#### Provided data
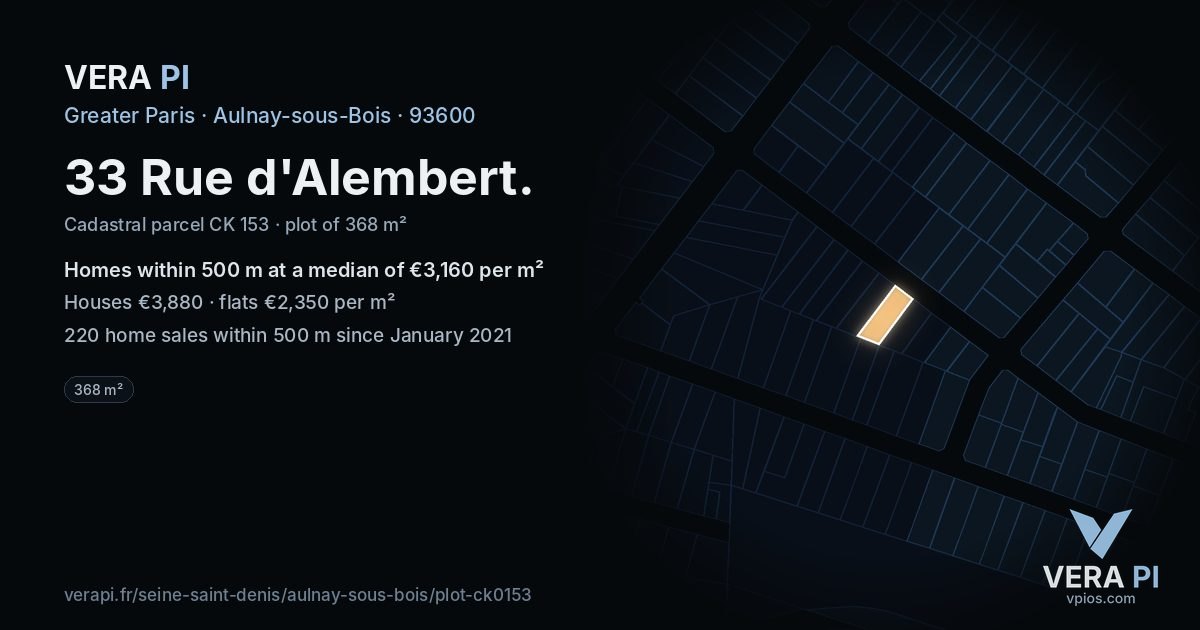 33 Rue d'Alembert, Aulnay-sous-Bois at night – the plot lit, the parcels around coloured by the prices near them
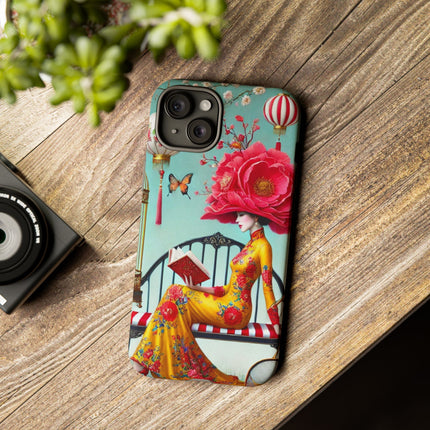 Reading In A Painted Garden Phone Cases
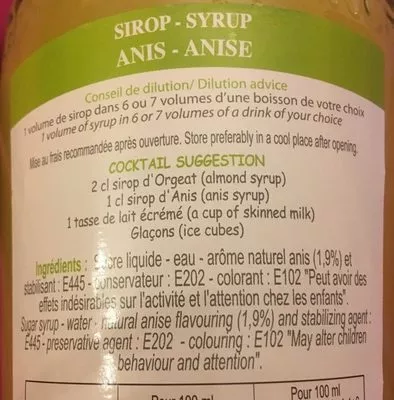 Lista de ingredientes del producto Sirop anis VEDRENNE Vedrenne 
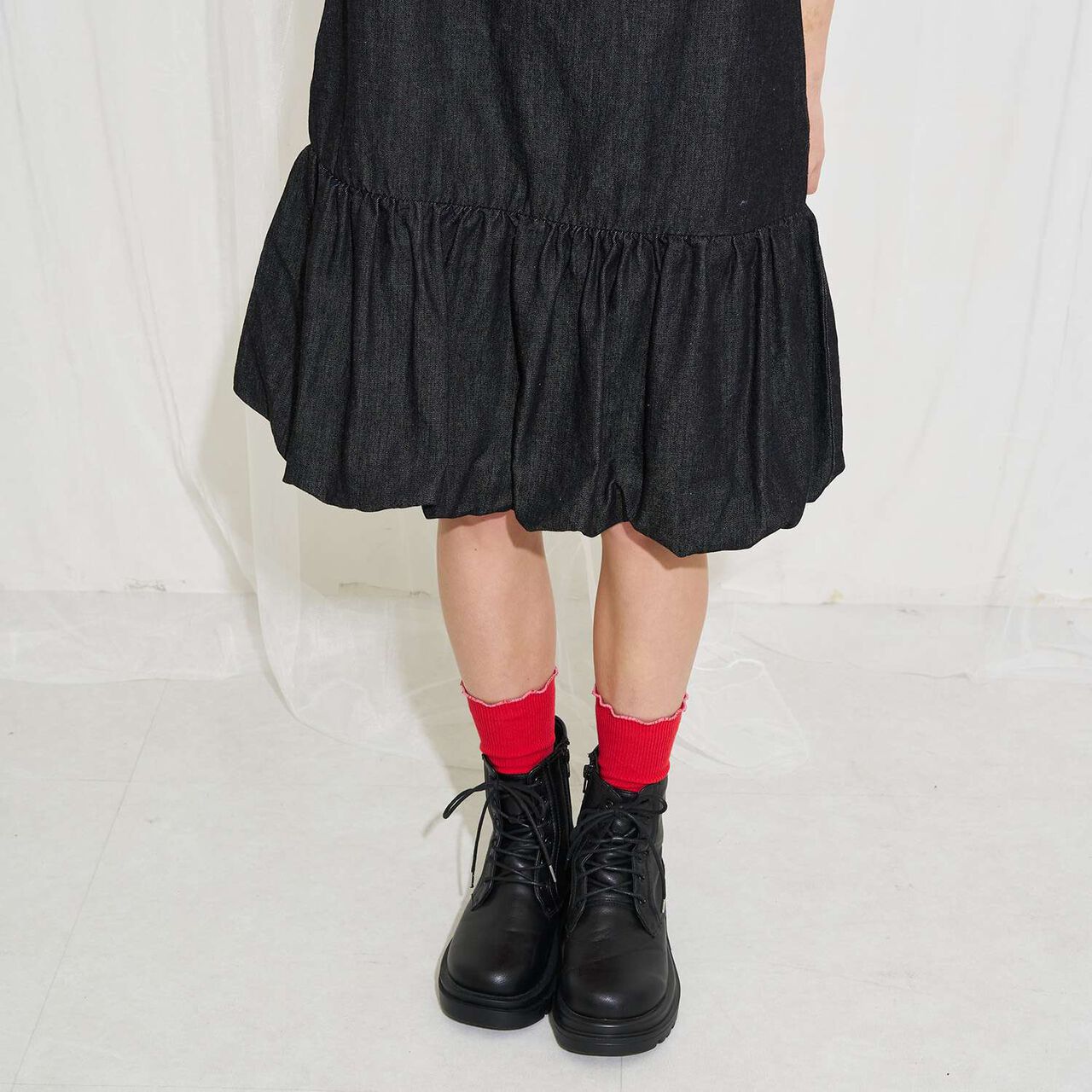 [AMI] Cool Touch Denim Balloon Jumper Skirt Inner Set,Black, large image number 18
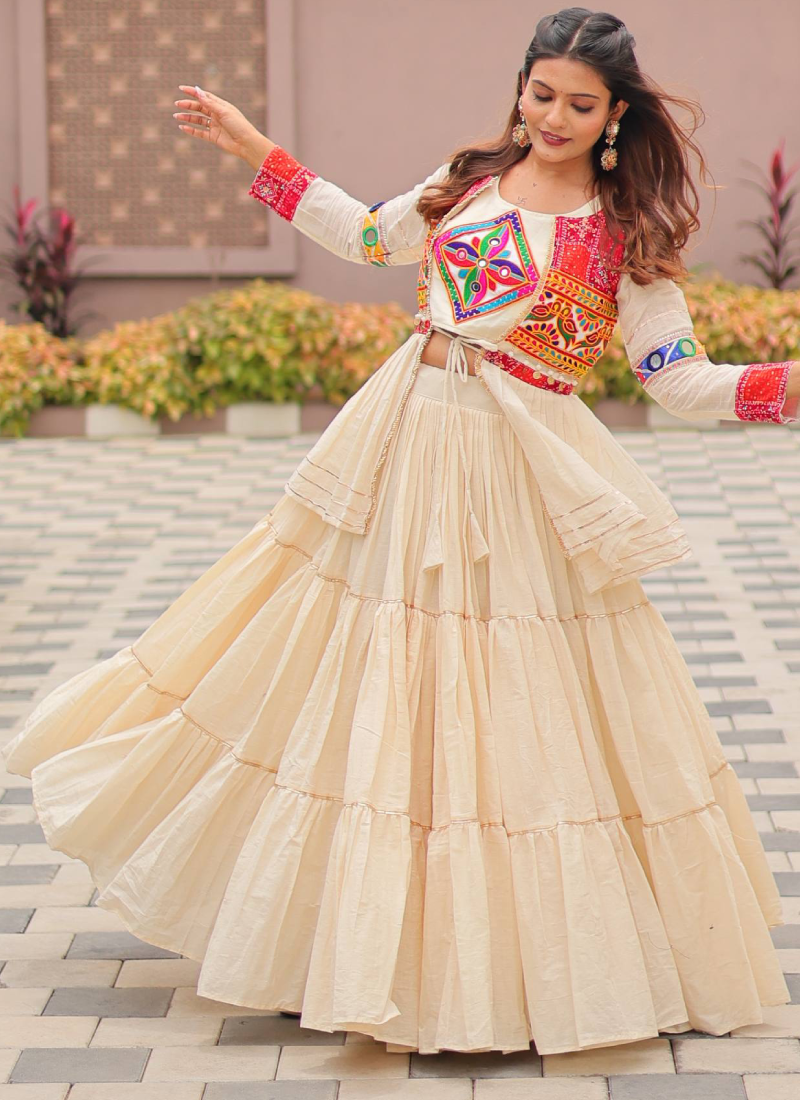 Ruffle Style Cotton Off White Navratri Special Lehenga Choli With Koti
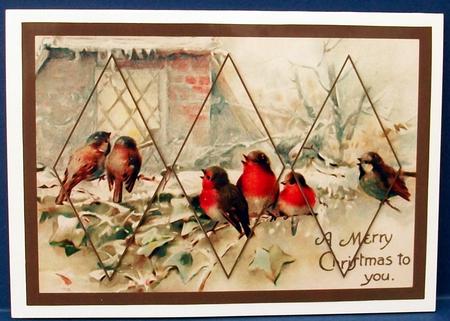 Christmas Birds Diamond Panel Card by Cheryl French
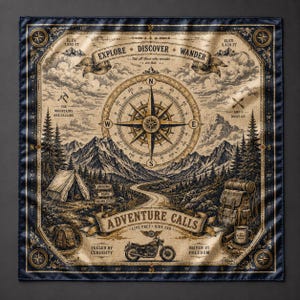 May include: A square bandana featuring a vintage-style map design with a central compass rose, mountain ranges, a tent, a motorcycle, and a backpack. Text includes "EXPLORE DISCOVER WANDER", "ADVENTURE CALLS", "THE MOUNTAINS ARE CALLING", and "AND I MUST GO".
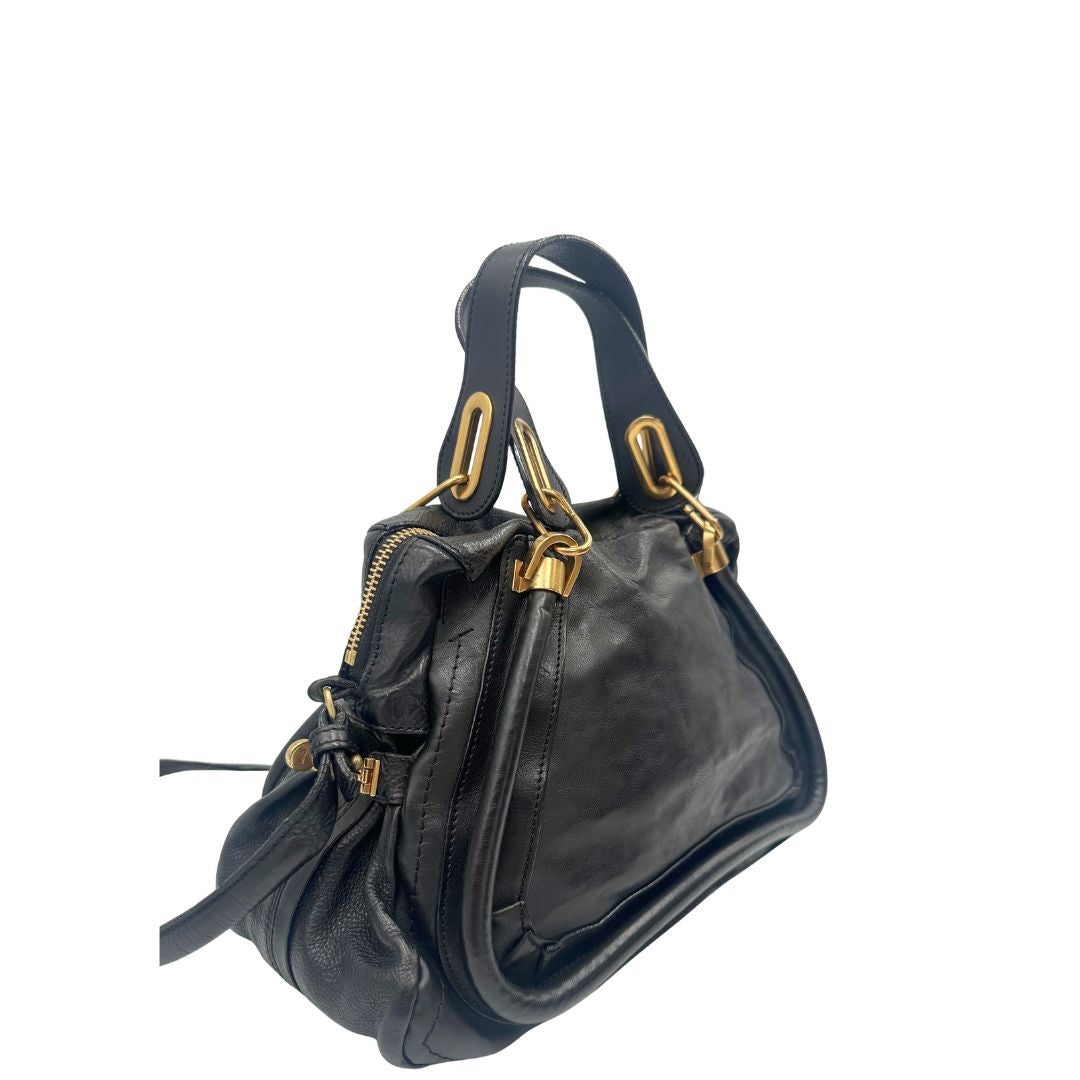  Borsa Chloè in pelle nera, indossabile a spalla o a mano, di lusso, originale, ottime condizioni, usata.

#### Problem description
I'd like the lines above repeated exactly, from the one that contains "Ruffle Style Cotton" through the one that contains "May include: A", with no pictures.

#### Output for this exercise
 Ruffle Style Cotton Off White Navratri Special Lehenga Choli With Koti
 Christmas Birds Diamond Panel Card by Cheryl French
 May include: A square bandana featuring a vintage-style map design with a central compass rose, mountain ranges, a tent, a motorcycle, and a backpack. Text includes "EXPLORE DISCOVER WANDER", "ADVENTURE CALLS", "THE MOUNTAINS ARE CALLING", and "AND I MUST GO".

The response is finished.